There is a familiar pattern to the right wing’s spin on the events of 26 January: condemning the farmers who reached the centre of Delhi, labeling them “extremists,” “Khalistani,” or simply “anti-national.” Perhaps it suits everyone to now find a scapegoat in people like the actor Deep Sidhu, who is accused of instigating protesters to hoist a flag at the Red Fort, and the supposed extremist elements who farmer leaders claimed had hijacked part of the protests. But what happened was predictable. The government and the farmer-union leaders would surely have seen this coming, and yet, they did little to forestall it.
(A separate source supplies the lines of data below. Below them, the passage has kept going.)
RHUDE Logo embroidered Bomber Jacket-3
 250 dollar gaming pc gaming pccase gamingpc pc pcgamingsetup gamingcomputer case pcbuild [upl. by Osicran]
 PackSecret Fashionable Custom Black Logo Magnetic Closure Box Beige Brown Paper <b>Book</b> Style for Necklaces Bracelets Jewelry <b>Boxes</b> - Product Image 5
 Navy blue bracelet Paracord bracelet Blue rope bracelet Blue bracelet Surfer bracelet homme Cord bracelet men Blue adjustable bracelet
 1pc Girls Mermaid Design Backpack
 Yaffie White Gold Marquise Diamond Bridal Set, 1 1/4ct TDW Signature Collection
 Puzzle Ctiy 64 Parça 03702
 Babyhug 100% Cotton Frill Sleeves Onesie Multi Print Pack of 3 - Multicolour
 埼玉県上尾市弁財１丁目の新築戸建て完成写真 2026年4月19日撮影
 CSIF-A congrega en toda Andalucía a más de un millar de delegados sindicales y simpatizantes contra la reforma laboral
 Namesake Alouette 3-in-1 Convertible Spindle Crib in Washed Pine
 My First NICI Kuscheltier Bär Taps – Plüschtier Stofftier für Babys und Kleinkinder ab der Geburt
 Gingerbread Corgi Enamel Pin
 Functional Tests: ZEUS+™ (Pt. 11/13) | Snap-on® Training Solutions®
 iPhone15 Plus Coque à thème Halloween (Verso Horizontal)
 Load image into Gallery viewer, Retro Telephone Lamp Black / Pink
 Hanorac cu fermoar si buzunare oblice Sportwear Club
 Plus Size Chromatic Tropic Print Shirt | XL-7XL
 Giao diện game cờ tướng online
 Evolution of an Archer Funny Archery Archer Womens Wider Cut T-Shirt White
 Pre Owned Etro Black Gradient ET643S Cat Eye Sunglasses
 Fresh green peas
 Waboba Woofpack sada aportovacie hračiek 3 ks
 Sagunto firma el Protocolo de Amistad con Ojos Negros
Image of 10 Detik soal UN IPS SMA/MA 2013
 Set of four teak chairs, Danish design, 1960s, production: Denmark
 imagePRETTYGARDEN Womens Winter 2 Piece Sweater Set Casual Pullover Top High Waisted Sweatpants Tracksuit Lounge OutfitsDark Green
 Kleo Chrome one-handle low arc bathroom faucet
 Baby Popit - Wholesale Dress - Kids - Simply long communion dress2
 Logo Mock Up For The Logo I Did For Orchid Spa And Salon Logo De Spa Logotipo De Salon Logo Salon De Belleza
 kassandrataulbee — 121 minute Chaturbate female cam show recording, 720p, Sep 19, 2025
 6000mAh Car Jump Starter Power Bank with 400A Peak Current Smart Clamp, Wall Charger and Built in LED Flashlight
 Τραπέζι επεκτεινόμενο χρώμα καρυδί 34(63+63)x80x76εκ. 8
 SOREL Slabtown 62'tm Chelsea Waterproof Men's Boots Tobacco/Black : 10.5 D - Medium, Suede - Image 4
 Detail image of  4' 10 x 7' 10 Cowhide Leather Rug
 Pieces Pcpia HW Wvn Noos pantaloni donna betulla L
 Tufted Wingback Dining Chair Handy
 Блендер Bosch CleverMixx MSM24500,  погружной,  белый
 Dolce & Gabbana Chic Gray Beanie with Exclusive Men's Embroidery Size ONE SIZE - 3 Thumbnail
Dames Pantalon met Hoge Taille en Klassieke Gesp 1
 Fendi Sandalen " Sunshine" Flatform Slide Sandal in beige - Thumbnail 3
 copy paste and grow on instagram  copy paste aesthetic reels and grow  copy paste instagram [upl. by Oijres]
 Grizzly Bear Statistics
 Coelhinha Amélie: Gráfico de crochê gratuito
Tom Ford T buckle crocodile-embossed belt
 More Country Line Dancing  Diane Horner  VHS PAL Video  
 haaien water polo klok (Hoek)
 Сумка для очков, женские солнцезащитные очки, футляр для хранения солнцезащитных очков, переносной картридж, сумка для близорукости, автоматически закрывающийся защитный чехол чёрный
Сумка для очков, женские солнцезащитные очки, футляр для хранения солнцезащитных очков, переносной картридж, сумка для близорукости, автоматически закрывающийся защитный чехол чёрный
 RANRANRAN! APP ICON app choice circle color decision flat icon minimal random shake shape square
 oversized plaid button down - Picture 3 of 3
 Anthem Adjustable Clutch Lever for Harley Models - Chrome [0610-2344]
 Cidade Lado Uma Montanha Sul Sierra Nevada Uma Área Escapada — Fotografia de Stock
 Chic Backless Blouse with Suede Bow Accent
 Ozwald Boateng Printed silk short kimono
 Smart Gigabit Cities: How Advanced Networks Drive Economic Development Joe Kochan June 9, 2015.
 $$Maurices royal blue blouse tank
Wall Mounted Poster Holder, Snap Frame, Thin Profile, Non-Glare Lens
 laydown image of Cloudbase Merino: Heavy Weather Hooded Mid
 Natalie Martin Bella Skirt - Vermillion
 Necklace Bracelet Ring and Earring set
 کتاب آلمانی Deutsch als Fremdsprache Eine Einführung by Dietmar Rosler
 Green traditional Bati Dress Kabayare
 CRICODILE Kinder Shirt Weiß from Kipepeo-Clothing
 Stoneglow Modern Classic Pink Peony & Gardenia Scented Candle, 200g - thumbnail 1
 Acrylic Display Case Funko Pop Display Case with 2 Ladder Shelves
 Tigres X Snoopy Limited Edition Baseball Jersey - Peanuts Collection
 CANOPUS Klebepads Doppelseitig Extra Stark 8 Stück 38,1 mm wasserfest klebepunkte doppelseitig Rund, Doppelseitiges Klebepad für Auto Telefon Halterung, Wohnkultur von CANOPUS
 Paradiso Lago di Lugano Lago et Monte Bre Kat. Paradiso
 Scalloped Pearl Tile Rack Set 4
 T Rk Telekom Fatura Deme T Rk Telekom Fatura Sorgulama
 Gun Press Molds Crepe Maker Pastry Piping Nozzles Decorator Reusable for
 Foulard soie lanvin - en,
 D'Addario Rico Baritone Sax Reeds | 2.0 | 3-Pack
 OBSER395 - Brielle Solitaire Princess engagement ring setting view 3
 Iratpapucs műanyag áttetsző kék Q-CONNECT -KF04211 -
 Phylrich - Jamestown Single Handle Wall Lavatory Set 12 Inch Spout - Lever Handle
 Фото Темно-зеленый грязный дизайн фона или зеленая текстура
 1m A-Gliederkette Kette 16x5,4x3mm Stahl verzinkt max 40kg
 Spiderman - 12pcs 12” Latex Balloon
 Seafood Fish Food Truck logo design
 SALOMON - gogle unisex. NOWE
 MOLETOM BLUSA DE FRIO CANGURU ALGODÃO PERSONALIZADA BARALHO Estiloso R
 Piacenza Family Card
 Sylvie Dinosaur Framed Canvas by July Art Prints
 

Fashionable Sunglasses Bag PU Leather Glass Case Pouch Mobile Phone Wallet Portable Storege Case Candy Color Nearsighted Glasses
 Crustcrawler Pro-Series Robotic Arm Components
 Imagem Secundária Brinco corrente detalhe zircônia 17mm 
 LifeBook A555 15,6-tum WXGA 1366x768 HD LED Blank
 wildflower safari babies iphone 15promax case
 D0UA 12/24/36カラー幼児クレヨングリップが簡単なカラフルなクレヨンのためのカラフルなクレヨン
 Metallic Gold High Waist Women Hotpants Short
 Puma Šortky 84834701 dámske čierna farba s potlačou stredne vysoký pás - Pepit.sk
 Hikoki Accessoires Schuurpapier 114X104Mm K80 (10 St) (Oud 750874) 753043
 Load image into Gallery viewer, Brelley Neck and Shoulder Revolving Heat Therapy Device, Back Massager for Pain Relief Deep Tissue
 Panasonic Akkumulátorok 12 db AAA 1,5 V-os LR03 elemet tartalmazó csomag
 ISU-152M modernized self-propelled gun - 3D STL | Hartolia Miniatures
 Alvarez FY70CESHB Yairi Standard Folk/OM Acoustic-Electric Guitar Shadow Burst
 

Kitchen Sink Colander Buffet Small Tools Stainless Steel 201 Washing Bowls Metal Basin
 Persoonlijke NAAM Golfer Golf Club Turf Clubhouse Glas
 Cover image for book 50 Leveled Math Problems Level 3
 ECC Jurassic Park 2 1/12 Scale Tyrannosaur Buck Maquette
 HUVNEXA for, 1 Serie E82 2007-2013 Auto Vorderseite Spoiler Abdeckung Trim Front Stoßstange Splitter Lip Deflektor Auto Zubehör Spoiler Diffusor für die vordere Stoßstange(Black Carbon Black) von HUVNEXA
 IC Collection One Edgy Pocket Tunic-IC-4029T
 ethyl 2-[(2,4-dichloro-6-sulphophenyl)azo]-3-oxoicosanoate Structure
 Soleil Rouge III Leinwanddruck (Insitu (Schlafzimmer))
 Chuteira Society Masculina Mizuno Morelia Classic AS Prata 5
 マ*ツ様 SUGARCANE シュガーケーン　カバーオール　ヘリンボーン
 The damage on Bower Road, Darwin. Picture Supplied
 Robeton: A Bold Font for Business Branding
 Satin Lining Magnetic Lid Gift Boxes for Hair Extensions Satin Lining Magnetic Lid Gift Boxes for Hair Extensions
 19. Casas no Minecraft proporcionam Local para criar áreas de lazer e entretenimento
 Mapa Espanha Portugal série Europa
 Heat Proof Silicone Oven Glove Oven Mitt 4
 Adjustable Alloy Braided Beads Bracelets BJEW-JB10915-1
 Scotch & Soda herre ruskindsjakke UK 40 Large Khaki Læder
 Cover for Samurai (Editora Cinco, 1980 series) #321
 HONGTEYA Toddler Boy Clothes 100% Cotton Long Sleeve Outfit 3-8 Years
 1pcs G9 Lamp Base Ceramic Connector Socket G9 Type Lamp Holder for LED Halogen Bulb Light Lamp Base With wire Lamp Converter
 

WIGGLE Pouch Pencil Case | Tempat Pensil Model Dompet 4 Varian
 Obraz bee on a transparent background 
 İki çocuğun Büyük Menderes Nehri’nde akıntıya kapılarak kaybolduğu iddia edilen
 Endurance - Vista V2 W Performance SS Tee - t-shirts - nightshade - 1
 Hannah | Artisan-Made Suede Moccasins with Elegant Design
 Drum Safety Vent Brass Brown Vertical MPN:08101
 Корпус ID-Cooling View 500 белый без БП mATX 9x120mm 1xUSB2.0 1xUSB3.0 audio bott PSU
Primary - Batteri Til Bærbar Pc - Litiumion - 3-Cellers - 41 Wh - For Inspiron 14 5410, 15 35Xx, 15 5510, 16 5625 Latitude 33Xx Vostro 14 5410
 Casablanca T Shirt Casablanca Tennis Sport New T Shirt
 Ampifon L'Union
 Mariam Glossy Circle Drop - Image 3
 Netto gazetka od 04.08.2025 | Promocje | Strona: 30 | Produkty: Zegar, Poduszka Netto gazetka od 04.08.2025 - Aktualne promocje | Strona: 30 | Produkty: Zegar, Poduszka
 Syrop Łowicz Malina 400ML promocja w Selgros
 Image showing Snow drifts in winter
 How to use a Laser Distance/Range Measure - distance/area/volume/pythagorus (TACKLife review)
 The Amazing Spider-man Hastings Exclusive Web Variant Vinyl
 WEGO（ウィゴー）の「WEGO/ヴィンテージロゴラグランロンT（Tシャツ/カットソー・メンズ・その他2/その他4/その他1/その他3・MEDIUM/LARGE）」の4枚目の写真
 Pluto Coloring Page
The protests against the farm laws have been building up since September, when the laws were passed—for the first month and a half in Punjab and then, since late November, on the outskirts of Delhi. Over this protracted period, the negotiations went nowhere and the cadre became steadily impatient. Partly to appease the cadre, the farmer leaders themselves had built up expectations of a historic tractor match on Republic Day, circling the power centre in Delhi. The leaders and the Delhi Police failed to agree on a route for days. Barely two days before the march, they finally settled on a route that limited the march to Delhi’s outskirts. To no one’s surprise, the decision fell well short of the cadre’s expectations, which the union leaders themselves had fanned.
From the night of 24 January, the disquiet among the younger elements in the protest began to be openly articulated. On the afternoon of 25 January, Sarwan Singh Pandher, the general secretary of Kisan Mazdoor Sangharsh Committee—a major union at the protests—announced that their cadre would not follow the designated route. After Pandher’s speech, it was a given that a large number of the protestors would deviate from the route. Given a 15-hour notice of this likelihood, the Delhi Police seemed surprisingly unprepared for it.